Cathy Davidson likens the rise of the Internet to the invention of writing and, centuries later, mass printing. The Internet is a revolution in communication, and it’s not going away. So higher education instructors better get on board, whether they are fans of the Internet or not.
“Our 19-year-old students don’t care if life was better before the Internet,” Davidson said of the wistfulness of some instructors.
Davidson challenged MU instructors gathered in Jesse Hall Auditorium May 20 to rethink their teaching approaches. “Take inventory of your habits and drop those that don’t serve you,” said Davidson, an expert on the history and future of communication technologies.
Davidson, this year’s keynote speaker at MU’s Celebration of Teaching event, carved out a career as a teacher and lecturer on new ideas and methods for higher-education learning and workplace development.
From 1998 to 2006, Davidson was vice provost for interdisciplinary studies at Duke University. Until recently she was a professor of English and of interdisciplinary studies at Duke.
In July, she starts at the City University of New York as director of the Futures Initiative, a system-wide program to develop collaborative innovations in higher education. Her most recent book is Now You See It: How Technology and Brain Science Will Transform Schools and Business for the 21st Century (Viking, 2011).
During her lecture, Davidson was quite the provocateur. She called into question the standardized method of learning that she and most of the audience members mastered on their paper trail through undergraduate, graduate and doctoral studies.
Traditional education in America is based on theories and strategies developed between the 1860s and 1920s, she said. During this period, standardized testing was created that was easy to grade and administer to a large number of students.
Over the decades, some education experts have taken swings at standardized testing. The hardest hit piñata has been multiple choice, which, while time-efficient, can contain ambiguously phrased questions and limit students’ ability to show subject knowledge.
Multiple choice has been characterized as a measurer of “lower-order skills,” while problem-solving and “higher-order reasoning skills” are better measured in essays and papers, Davidson said.

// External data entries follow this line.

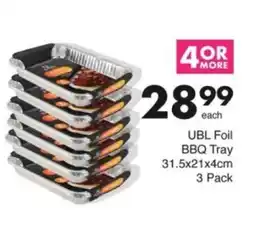 Save Hyper UBL Foil BBQ Tray offer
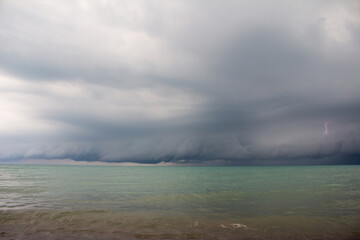Menacing Clouds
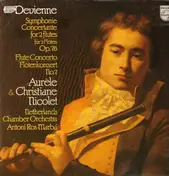 Devienne - Symphonie Concertante for 2 Flutes Op.76, Flute Concerto No.7,, A. & Ch. Nicolet, Netherlands Chamb
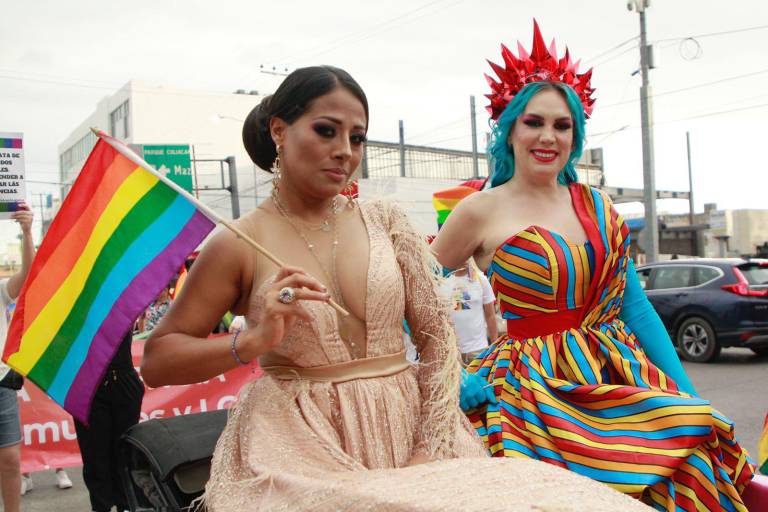 Pide Toñita más amor y menos odio para la comunidad LGBTT+, en Culiacán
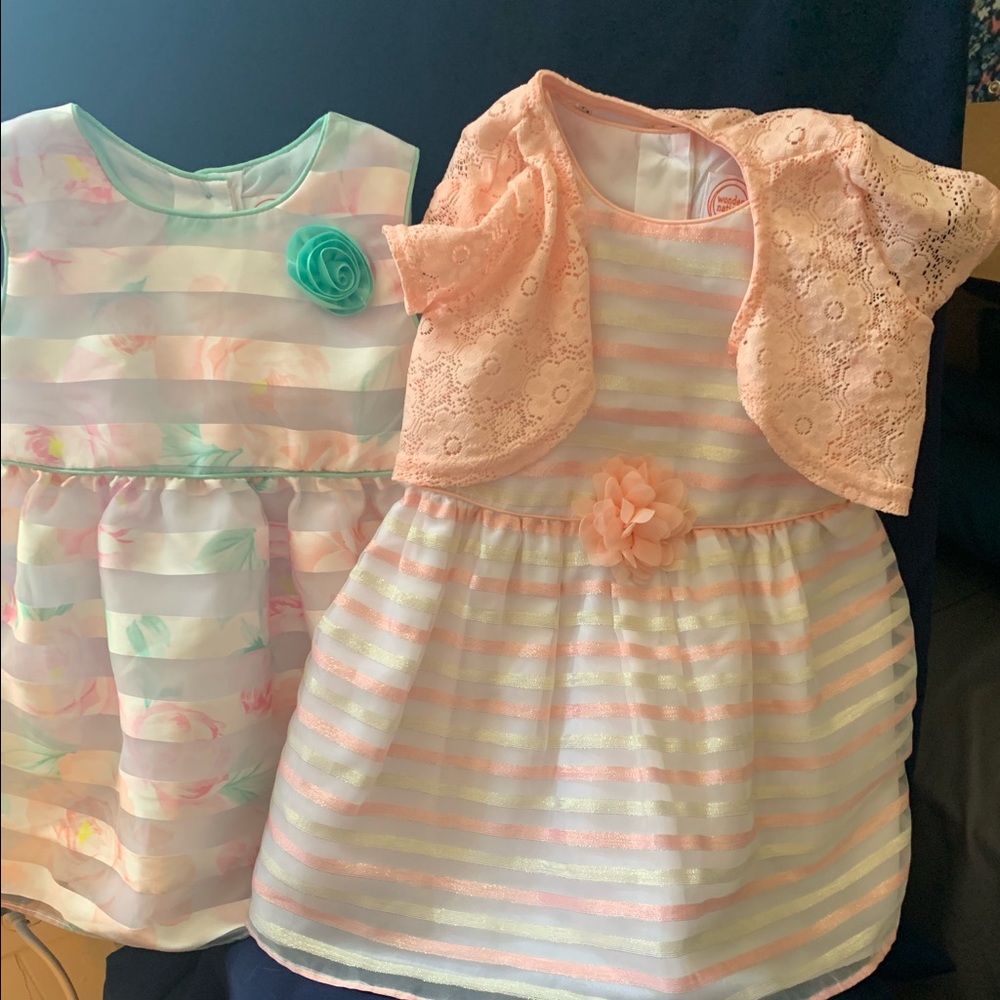 Toddler girls new dresses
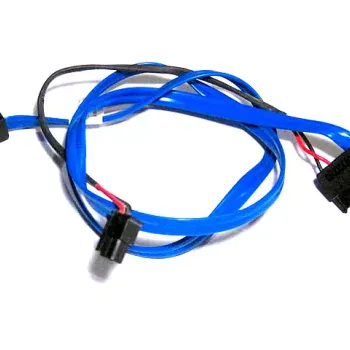 Dell R710 Blue Optical SATA Power Connector Cable Gp703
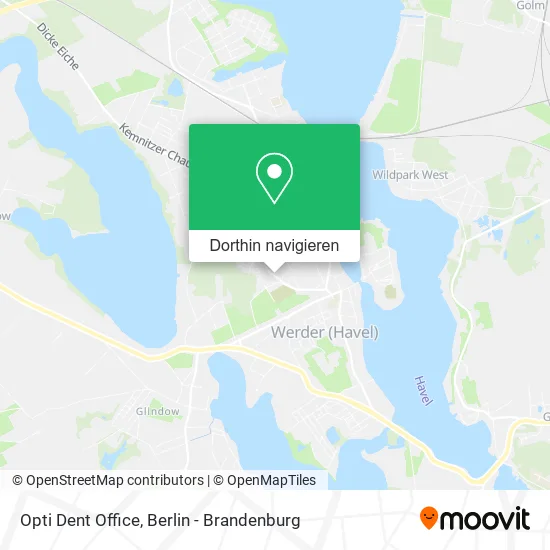 Opti Dent Office Karte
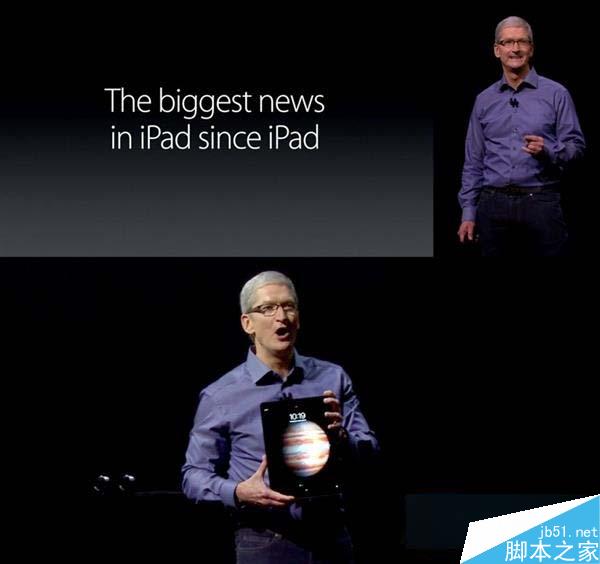 iPad Pro性能出色 未来或干掉80%便携式PC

Davidson didn’t advocate ending standardized testing, but she did encourage instructors to think about other ways of measuring student learning. She challenged instructors to “transform critical thinking into creative contribution” from students. “Encourage students to lead the way” in their education, she said.
Davidson received the most applause when she warned that emphasis on STEM (science, technology, engineering, math) was “taking creativity out of schools.”
This led to the issue of the Web.
Yes, the Internet can be abused. Studies show that the Internet can corrode attention span, reading comprehension and eat up hours in trivial Web surfing. Even though the Internet offers more information than ever before at people’s fingertips, teenagers and young adults still lack basic knowledge of history, geography and politics, to name a few. A 2010 poll found that only 12 percent of high school students have a basic understanding of American history.
But the Internet is not going away. So how do educators utilize it? Davidson asked the audience to think long and hard and creatively about harnessing digital media as a teaching tool, and to venture beyond their pre-conceived notions of instruction.
“Learn, unlearn and relearn,” Davidson said.